McMurphy is confronted by Big Nurse as he exits the latrine. He greets her as "Miss Rat-shed," wearing what appears to be nothing more than a towel. He insists that someone has stolen his clothes during the night. Nurse Ratched realizes that McMurphy hasn't been issued his convalescent greens and chastises the aides, particularly one named Washington, for not doing their jobs, while McMurphy whistles "Sweet Georgia Brown." McMurphy winks at the nurse and removes the towel, revealing his whale-print undershorts to her. The shorts, he told Chief the night before, were a gift from a co-ed literature major. She gave him the shorts because she regarded McMurphy as "a symbol." The removal of the towel shocks Nurse Ratched, and she takes a while longer than usual to recover.

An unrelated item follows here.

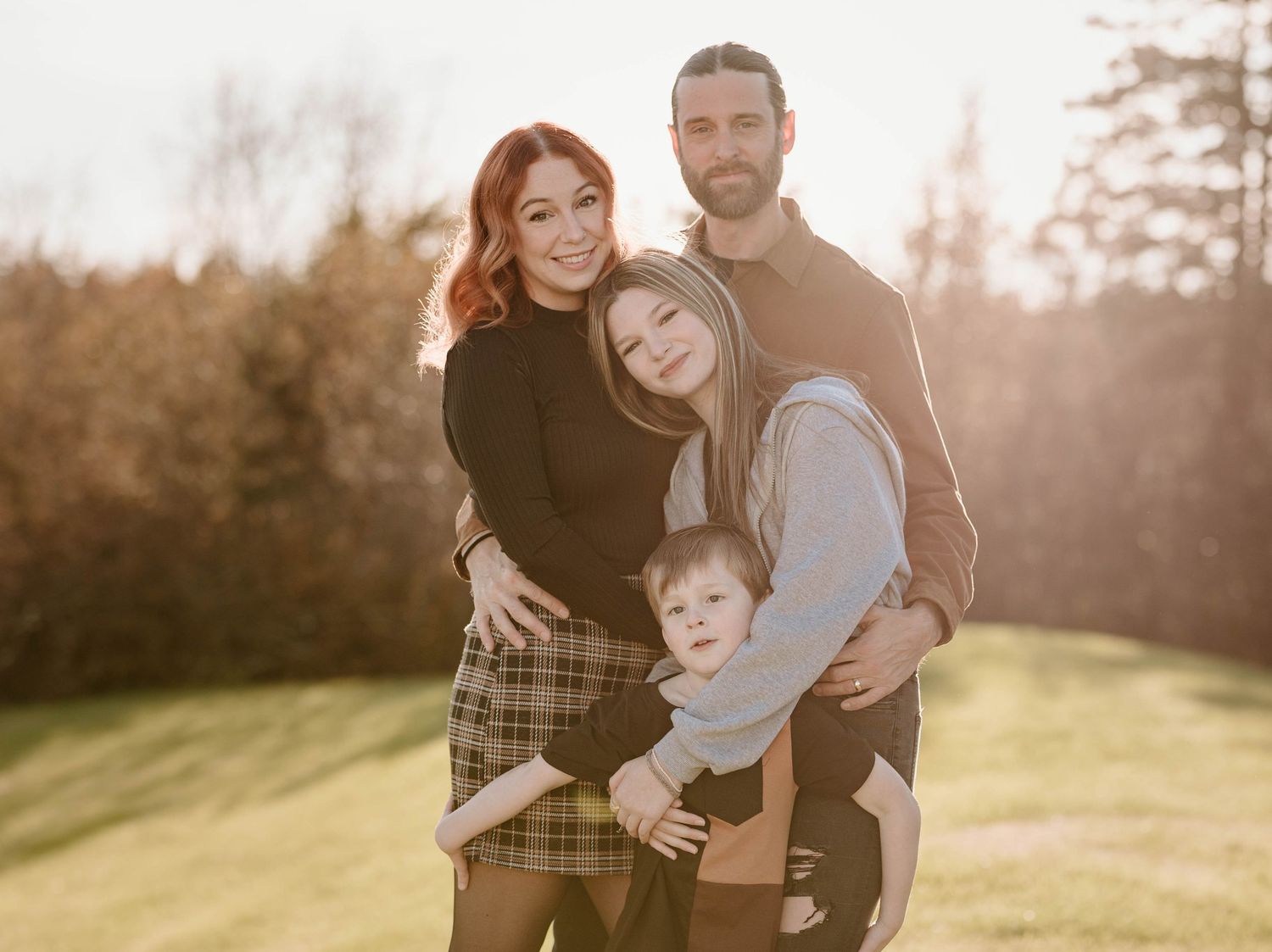 Outdoor family portrait session at sunset with soft golden lighting.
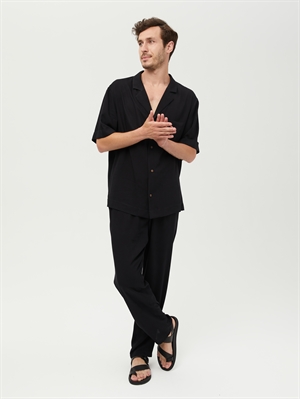 Летние брюки на резинке черного цвета от COSHENE, модель в расслабленной позе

McMurphy's mispronunciation of Nurse Ratched's name indicates to the reader that her name indicates aspects of her personality. Rat-shed, obviously, has negative connotations, but the name is also similar sounding to "ratchet" and "wretched."
Chief writes that McMurphy's nonconformist behavior reminds him of his Indian father. Both men, he writes, liked to "get the goat" of other men by employing outlandish behavior and nonsequitors to baffle their more rigid opponents.
croon to sing or hum in a low, gentle tone; to sing (popular songs) in a soft, sentimental manner.